▶ **Exercise goal**: After finding the line containing "Tekla PowerFab can" below, please output that line and each following one through the line containing "So that color", exactly as written.

[Saved data entries]

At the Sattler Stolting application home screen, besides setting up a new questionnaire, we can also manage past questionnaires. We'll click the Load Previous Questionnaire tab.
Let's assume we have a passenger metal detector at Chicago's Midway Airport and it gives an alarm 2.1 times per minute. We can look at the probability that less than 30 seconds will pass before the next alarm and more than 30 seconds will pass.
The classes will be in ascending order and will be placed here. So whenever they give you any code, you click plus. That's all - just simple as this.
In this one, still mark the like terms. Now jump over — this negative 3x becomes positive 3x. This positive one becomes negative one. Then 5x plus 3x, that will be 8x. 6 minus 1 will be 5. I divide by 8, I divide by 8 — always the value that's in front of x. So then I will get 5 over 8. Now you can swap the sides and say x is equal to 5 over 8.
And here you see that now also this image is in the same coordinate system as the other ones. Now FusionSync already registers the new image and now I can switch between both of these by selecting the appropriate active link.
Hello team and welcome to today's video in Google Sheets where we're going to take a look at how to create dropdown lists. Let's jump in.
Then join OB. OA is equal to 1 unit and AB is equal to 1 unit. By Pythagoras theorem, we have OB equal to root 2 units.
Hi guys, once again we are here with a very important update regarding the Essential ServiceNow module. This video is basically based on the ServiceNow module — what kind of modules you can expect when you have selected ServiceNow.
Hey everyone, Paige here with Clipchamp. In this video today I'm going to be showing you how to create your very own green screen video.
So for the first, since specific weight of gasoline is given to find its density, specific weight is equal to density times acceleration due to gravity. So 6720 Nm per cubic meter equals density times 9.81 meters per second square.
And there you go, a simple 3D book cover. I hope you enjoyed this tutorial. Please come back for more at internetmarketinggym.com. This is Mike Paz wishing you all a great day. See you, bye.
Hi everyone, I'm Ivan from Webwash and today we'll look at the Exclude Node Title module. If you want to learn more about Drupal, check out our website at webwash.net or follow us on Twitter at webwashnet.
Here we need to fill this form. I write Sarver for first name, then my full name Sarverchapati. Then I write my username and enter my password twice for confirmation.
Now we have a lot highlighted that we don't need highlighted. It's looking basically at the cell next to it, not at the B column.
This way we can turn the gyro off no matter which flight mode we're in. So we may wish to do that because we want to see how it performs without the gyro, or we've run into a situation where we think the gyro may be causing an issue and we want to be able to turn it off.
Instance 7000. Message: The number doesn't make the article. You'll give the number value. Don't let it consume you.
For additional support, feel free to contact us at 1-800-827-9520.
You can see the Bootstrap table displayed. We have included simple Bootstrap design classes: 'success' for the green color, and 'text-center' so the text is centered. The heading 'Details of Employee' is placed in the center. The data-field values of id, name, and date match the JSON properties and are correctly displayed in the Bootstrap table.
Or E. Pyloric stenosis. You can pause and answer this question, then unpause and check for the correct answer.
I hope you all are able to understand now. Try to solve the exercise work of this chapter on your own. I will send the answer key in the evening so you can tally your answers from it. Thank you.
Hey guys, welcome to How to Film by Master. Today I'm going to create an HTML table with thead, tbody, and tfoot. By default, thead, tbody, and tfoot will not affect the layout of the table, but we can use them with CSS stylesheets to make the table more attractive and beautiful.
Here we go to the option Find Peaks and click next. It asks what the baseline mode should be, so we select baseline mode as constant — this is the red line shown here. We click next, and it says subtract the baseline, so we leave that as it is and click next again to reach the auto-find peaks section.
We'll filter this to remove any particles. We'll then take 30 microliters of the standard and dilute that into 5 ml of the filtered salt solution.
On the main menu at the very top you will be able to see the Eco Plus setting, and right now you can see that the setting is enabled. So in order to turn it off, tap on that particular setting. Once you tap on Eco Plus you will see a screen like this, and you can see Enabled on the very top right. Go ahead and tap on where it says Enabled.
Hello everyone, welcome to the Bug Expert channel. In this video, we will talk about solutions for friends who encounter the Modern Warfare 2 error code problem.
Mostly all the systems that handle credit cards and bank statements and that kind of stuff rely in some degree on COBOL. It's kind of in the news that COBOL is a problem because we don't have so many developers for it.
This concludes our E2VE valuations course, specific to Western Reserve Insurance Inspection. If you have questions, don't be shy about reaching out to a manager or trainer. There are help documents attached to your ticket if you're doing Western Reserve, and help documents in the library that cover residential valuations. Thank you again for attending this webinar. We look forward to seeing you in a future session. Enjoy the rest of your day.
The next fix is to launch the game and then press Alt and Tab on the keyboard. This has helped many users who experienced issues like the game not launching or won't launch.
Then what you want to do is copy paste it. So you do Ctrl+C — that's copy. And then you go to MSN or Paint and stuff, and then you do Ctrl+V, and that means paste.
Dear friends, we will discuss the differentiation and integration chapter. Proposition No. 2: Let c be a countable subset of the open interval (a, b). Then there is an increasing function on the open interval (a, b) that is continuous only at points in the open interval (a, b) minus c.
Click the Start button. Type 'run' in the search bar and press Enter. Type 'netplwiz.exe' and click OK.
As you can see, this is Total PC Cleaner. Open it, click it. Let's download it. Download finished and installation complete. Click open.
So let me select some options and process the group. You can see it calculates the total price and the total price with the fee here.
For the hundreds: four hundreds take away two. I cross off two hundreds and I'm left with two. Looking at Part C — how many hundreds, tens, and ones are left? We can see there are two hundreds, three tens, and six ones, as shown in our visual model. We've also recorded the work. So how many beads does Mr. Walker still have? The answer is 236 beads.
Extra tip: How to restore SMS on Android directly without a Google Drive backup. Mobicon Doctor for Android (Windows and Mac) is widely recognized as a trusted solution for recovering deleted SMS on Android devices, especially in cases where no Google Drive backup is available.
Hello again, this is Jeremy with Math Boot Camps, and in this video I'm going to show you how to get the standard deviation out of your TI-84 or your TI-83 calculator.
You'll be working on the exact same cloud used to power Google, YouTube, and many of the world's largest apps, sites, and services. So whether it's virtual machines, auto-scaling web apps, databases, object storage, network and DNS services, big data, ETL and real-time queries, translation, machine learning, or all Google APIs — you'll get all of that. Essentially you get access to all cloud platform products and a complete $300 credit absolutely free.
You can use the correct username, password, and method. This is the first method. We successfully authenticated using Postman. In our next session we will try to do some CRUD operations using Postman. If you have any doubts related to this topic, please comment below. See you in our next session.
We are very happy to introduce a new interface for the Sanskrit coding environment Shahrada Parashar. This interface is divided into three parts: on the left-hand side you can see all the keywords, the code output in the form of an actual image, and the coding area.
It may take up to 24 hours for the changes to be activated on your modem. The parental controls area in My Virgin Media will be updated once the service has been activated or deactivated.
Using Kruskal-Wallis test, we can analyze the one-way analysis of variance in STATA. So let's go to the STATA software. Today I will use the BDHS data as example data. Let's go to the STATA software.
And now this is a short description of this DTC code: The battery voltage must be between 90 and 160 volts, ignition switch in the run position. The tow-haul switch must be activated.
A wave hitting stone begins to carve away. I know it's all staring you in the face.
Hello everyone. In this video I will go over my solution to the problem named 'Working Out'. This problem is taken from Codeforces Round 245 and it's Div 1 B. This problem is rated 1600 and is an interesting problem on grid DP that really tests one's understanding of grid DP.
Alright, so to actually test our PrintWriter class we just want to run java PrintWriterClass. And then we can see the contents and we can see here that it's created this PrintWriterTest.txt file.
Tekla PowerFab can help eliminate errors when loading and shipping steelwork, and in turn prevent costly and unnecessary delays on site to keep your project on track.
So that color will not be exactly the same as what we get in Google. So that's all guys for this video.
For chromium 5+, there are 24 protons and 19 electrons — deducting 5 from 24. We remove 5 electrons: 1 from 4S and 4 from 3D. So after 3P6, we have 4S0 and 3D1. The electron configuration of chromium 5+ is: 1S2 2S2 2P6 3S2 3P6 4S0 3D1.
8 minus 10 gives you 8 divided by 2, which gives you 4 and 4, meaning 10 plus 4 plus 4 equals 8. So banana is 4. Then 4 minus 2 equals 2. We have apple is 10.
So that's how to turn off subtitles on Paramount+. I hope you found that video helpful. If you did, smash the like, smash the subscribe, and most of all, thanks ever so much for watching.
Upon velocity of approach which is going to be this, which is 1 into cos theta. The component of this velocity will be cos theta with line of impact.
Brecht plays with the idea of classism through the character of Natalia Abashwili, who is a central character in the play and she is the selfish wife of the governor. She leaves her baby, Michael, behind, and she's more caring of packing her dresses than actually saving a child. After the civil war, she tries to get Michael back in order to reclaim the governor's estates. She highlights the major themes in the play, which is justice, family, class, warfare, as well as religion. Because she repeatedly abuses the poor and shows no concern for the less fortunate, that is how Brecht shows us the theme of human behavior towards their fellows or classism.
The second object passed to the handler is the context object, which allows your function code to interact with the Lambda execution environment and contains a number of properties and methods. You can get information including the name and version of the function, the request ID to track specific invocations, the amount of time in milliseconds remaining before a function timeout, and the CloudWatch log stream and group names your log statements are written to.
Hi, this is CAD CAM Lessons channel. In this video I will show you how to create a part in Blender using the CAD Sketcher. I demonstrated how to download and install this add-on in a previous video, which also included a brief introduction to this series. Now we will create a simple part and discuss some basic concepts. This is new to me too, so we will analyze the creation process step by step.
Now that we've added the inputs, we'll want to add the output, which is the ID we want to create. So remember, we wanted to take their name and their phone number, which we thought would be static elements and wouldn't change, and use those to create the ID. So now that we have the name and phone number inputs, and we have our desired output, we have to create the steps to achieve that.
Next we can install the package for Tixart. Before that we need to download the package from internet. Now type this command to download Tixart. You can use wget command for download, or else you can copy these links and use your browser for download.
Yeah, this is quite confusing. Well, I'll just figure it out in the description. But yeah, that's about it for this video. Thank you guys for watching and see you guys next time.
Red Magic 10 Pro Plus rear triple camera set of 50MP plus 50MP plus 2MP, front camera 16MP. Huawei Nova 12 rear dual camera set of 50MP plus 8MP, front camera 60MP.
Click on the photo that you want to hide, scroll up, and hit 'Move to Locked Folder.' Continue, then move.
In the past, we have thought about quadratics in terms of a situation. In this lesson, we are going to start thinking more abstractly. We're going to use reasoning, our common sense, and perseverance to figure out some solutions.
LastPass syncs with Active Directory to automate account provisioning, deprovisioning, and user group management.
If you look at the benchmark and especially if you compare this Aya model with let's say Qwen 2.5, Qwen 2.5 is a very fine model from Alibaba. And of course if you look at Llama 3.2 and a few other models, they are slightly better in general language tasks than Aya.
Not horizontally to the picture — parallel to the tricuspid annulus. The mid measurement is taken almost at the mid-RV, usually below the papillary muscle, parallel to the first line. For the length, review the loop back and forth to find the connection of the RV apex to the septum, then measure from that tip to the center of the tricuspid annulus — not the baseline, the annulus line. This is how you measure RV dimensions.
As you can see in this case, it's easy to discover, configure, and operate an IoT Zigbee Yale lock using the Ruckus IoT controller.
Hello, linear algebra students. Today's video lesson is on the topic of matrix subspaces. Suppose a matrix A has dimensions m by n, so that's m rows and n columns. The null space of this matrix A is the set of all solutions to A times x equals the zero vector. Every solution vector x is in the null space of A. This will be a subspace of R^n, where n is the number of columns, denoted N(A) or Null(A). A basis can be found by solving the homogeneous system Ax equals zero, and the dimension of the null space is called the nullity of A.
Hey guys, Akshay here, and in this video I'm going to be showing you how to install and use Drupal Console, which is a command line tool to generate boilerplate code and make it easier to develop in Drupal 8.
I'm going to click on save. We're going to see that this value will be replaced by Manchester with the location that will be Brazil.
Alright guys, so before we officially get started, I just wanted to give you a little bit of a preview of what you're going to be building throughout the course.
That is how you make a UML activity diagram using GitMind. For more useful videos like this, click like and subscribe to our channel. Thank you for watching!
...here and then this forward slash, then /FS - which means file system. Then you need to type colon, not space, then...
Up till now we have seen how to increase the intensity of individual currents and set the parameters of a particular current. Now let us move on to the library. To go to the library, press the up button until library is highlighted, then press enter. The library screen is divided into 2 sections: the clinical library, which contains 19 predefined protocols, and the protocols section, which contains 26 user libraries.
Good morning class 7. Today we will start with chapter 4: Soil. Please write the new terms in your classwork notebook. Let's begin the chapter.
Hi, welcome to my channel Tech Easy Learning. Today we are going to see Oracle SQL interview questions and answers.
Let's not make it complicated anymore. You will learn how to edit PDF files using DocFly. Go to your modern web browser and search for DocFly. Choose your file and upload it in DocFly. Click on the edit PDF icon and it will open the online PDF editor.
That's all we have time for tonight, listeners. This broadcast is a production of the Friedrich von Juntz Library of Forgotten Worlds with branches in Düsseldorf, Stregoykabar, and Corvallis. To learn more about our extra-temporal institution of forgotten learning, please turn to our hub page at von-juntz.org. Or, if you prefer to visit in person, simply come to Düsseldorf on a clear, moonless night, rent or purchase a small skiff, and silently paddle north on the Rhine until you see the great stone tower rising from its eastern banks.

▶ **Response box**:
Tekla PowerFab can help eliminate errors when loading and shipping steelwork, and in turn prevent costly and unnecessary delays on site to keep your project on track.
So that color will not be exactly the same as what we get in Google. So that's all guys for this video.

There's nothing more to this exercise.